Variations in the modality of written outreach methods (postcard, text message with or without a webchat option, and reminder texts) did not impact Medicaid renewal or procedural denial rates. The timing of calls and texts (afternoon or evening, weekend or weekday) made no significant difference in Medicaid renewal rates, although calls sent during the afternoon had a smaller effect on procedural denials than calls sent during the evening (a reduction in procedural denials of 0.59 percentage points and 1.6 percentage points, respectively, compared to a baseline procedural denial rate of 21.3 percent, p=0.03).
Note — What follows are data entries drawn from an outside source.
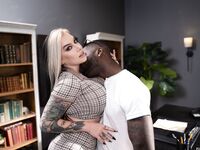 Thicc Bitch Cubbi Thompson Sucks And Rides BBC Like There's No Tomorrow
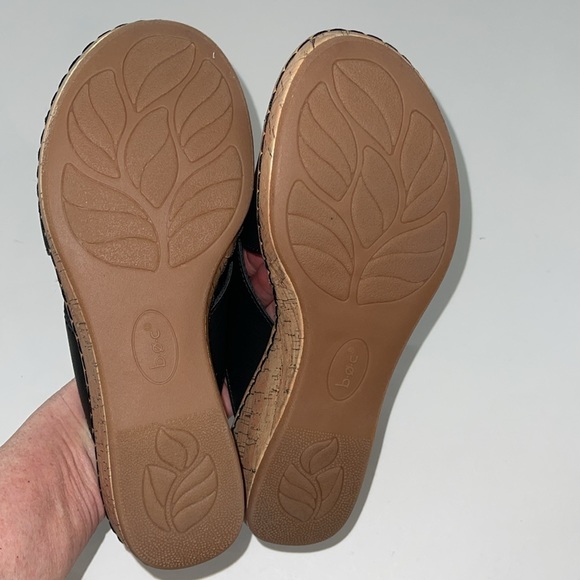 b.o.c. sandals wedge toe-loop black size 9 NWT - Picture 10 of 15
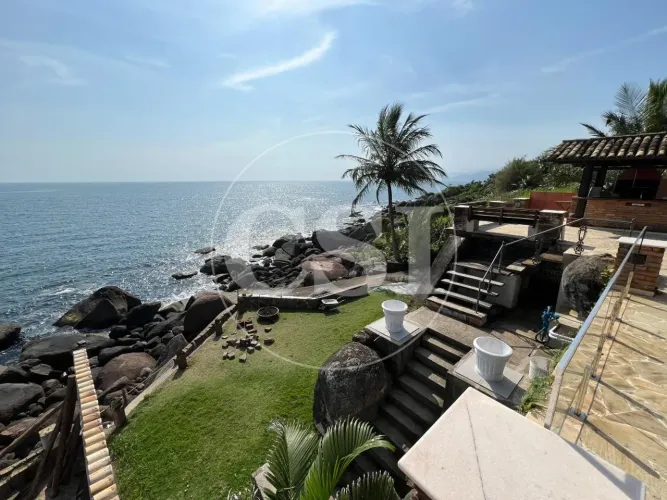 Casa de costeira no Taubaté Ilhabela/SP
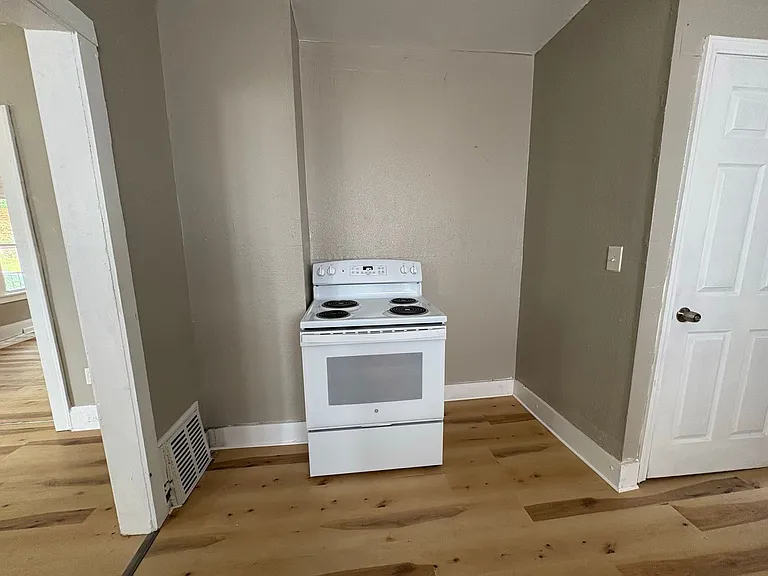 4224 Fairview Dr — Photo 8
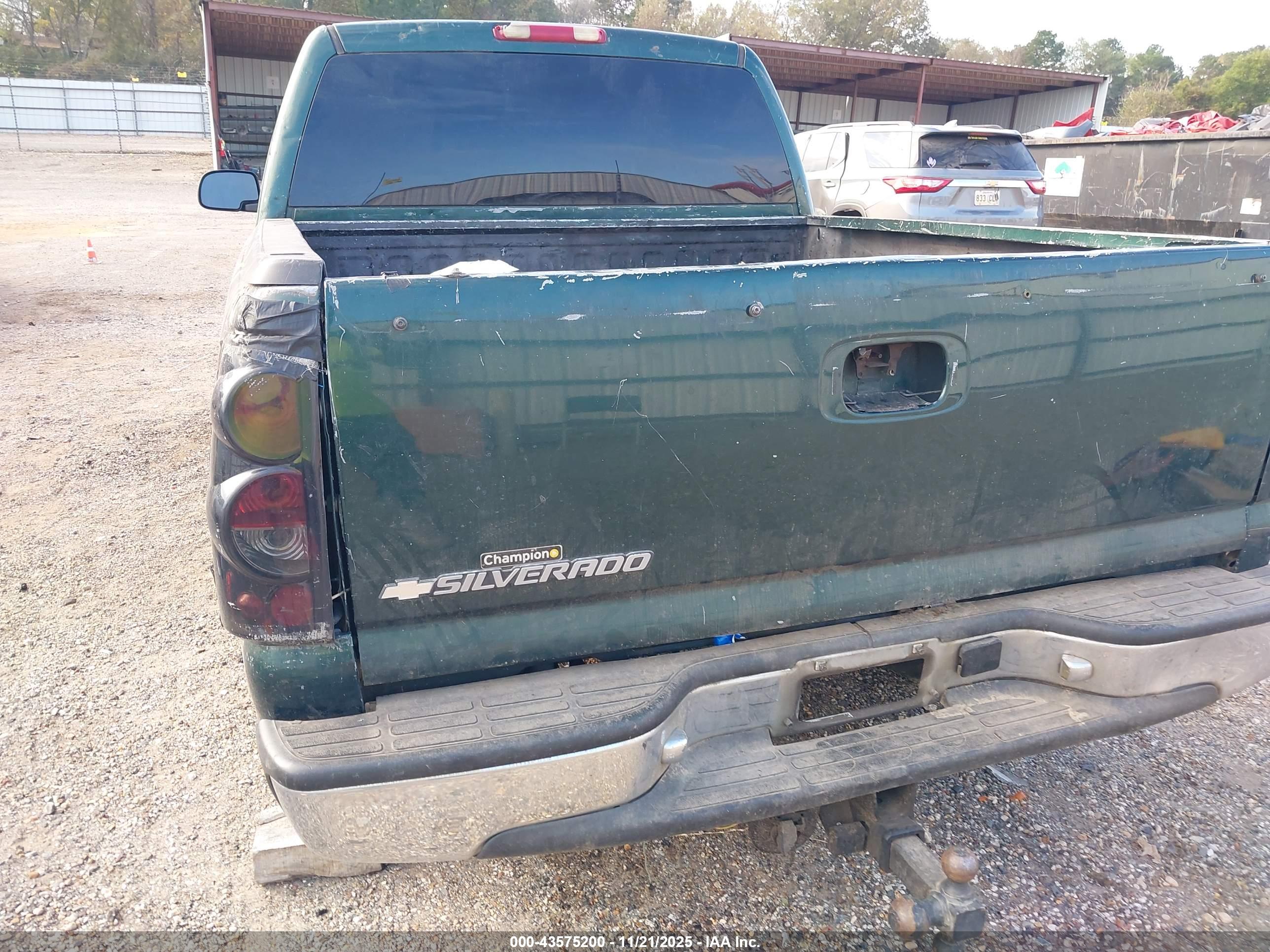 CHEVROLET SILVERADO image 6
Outdated contact information
Due to outdated personal contact information, some individuals might not have received the outreach method they were assigned. Although the study population only included people with a complete address and phone number, data from a contact information search vendor indicated that only about half of the phone numbers or addresses could be confirmed as likely correct. Combined with vendor reports of undeliverable postcards, bounced texts, and pre-recorded calls that could not be successfully connected (for example, no one picked up, and the voice mailbox was full), the researchers estimated that at most 78 percent of postcards, 72 percent of text messages, and 61 percent of pre-recorded calls were received by the correct person.
Successfully receiving a pre-recorded call increased Medicaid renewal rates by 1.6 percentage points from a baseline of 67.8 percent among people not sent a pre-recorded call (i.e., a 2.4 percent increase compared to people not sent a pre-recorded call) and reduced procedural denials by 1.8 percentage points from a baseline of 22.3 percent (an 8.1 percent decrease). Receiving a pre-recorded call had the largest effect on Medicaid renewal rates for Tribal members (by 7.7 percentage points or 13 percent). Receiving the call also increased Medicaid renewal rates for children (by 3.0 percentage points or 4 percent), adults aged 50-64 (by 2.4 percentage points or 3 percent), people with chronic conditions (by 3.0 percentage points or 4 percent), people with no recent successful Medicaid renewal (by 1.9 percentage points or 3 percent), and people with income below the sample median of 82 percent of the federal poverty level (by 2.3 percentage points or 4 percent).
Seeking help from navigators
Receiving a pre-recorded call led to a 1.2 percentage point (92 percent) increase in calls to Covering Wisconsin’s hotline compared to a baseline of 1.3 percent among those who did not receive the call. Additional analysis suggested that among those who sought assistance, calling the hotline reduced the risk of losing Medicaid for procedural reasons by 21 percentage points.
Cost-effectiveness
Postcards were the most expensive outreach method at 38 cents each, compared to 9 cents per text and 15 cents per pre-recorded call. Thus, texts were more cost-effective than postcards, given that text messages and postcards had equal impacts on Medicaid renewal rates. Sending pre-recorded calls costs $15 per successful renewal, though a full cost-effectiveness analysis would need data on navigator assistance time.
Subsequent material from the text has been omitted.